None of us are perfect. But we can keep encouraging one another in our humble efforts.

Having been reluctant to lay down specifics, he does suggest (most of) the following things, which I’ve paraphrased and expanded upon.

  • Do it often – daily if possible
  • Keep it brief (Newton: “If you read and sing, as well as pray, care should be taken that the combined services do not run into an inconvenient length”).
  • Keep it simple – Newton advocates using simple prayers of thanks for the day past or prayer for the day ahead. Nothing too long or grand. Simple prayers that all can follow and understand.
  • Do what you can – read a bit of the Bible, pray, and use music if you like (Here’s Newton again: “sing a hymn or psalm at discretion; provided there are some persons in the family who have enough of a musical ear and voice to conduct the singing in a tolerable manner; otherwise it may be better omitted.”) So maybe don’t sing!!
  • Use resources if it helps (“Helps may be procured” where there is a lack of confidence to do your own thing – either in reading or prayer). There’s loads of great resources available. We’re currently using David Helm’s Big Beliefs. It’s short and consists of a Bible reading and short devotion. Our kids are at an age where they can read either, and often argue about who gets to read, which we’re not going to discourage 😉
  • Music can help. Newton advocates singing a hymn or psalm. In our day you may enjoy putting on some favourite music – use YouTube or Spotify or whatever medium you like really. Our kids love taking turns to choose their favourite church songs for us to listen to. We often do this just after dinner using a smartphone and YouTube to find songs.
  • Keep it enjoyable. (“the great evil to be dreaded and guarded against in this exercise of every duty that returns frequently upon us is formality”). I don’t know if Newton would put it quite like this, but keep it fresh, change it up, try different things, see what works.
  • Find the time that works. Newton cautions against times that are busy or inconvenient, where it may be easily interrupted or children are too tired or distracted to participate. For us that means tea time generally works better than breakfast due to the madness of the school rush. That’s just us. You may be different.

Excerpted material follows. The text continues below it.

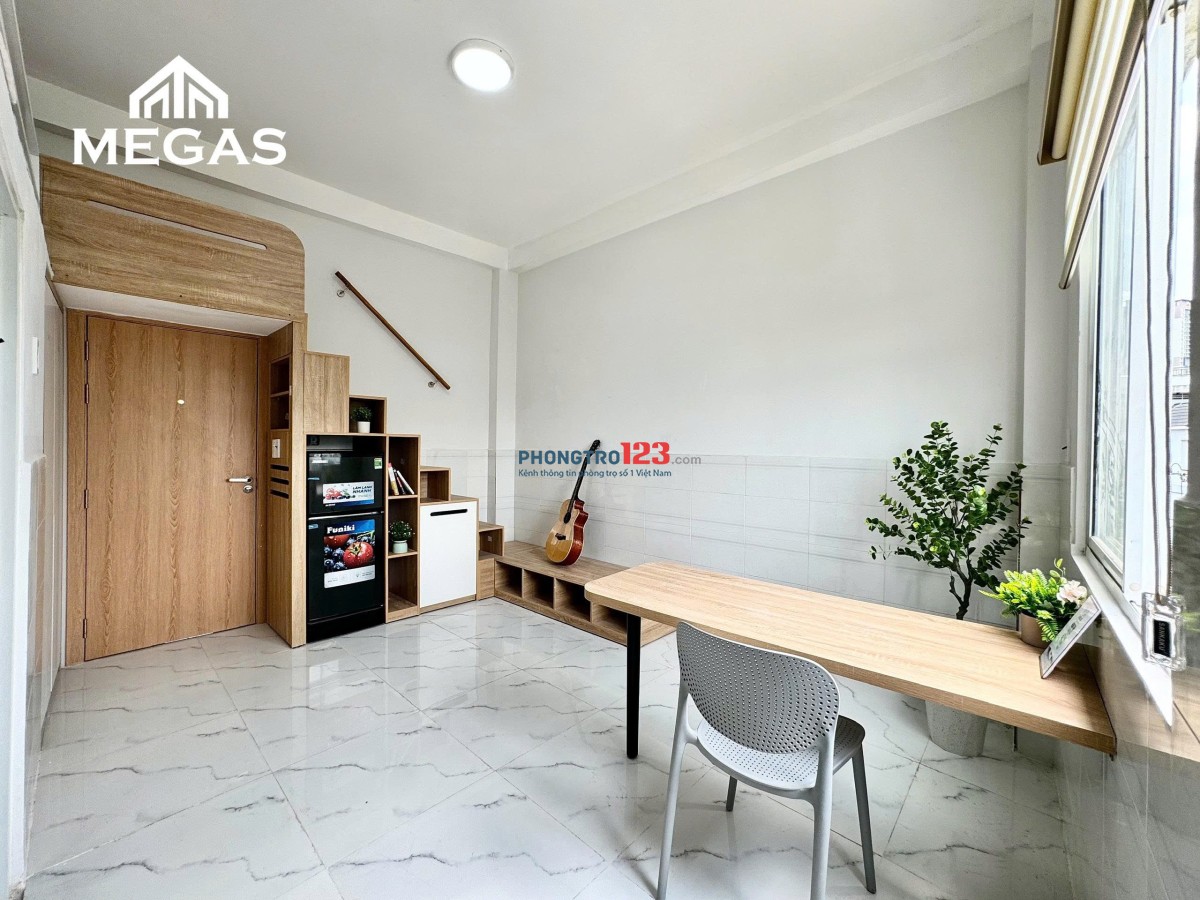 Cho thuê phòng gác mới có nội thất, cửa sổ lớn cực thoáng - bảo vệ 24/24, thang máy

  • Here’s one more, which Newton doesn’t mention, but I’m sure would agree with. Don’t feel guilty. If you struggle with this, or miss days, don’t beat yourself up with legalistic guilt. Get back on the horse and give it another go. I suspect most of our kids, in the long run, won’t remember the times we missed. They’ll more likely carry a general impression that as a family we read and prayed together. And that taught them that our faith isn’t just a Sunday formality, but something that affects everyday. And however failing and faltering we may be, that would be a good thing, right?